The Coalition urges the government to investigate the causes of said road crashes and to invest in measures that will raise the safety, quality, accessibility, and capacity of the EDSA Busway so that all road users arrive safely and efficiently at their destinations. Such measures include building at-grade crosswalks, reducing speed limits or installing traffic lights with countdown timers near these crosswalks, widening the busway lanes, using safer barriers, introducing BRT-ready vehicles with doors on the correct side, and providing proper training for bus drivers.
With a relatively low investment cost and short implementation timeframe (compared to rail development), a project to upgrade and expand the EDSA Busway should be the top mass transit priority of the Marcos administration.
Making only small and piecemeal investments in the EDSA Busway, apart from being wasteful, has already cost people their lives.
The Coalition also calls for the strict implementation of Republic Act No. 10586, or the Anti-Drunk and Drugged Driving Act of 2013. The deadliest crash along the EDSA Busway on February 18, 2022, involved a driver who was under the influence of alcohol. Three people died in the crash.
The Philippines is bound by the Sustainable Development Goals, including SDG target 11.2: “By 2030 provide access to safe, affordable, accessible and sustainable transport systems for all, improving road safety, notably by expanding public transport, with special attention to the needs of those in vulnerable situations, women, children, persons with disabilities and older person.”
Last June, the country reaffirmed its commitment to the Political Declaration of the High-Level Meeting on Improving Global Road Safety and the Global Plan for the Decade of Action for Road Safety 2021-2030 in a statement.
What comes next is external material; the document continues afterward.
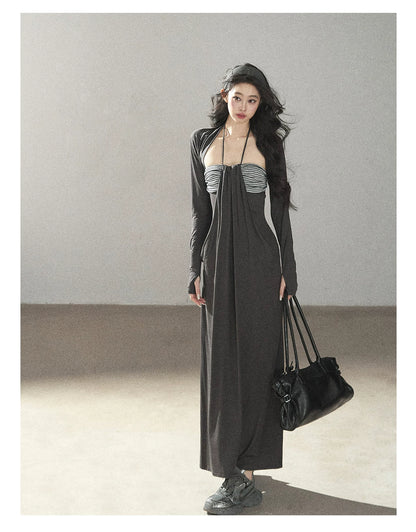 AOMALM - "Twilight River Cove" Cloud Mist Gray Striped Knit Shoulder Wrap Dress Set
Ms. Leila C. Lora-Santos, Minister, Permanent Mission of the Republic of the Philippines to the United Nations, said:
“The new paradigm in the movement of men and things must follow a simple principle ‘Those who have less in wheels must have more in the road.’ For this purpose, the Philippine transport system shall favor non-motorized locomotion and collective transportation systems (emphasis supplied).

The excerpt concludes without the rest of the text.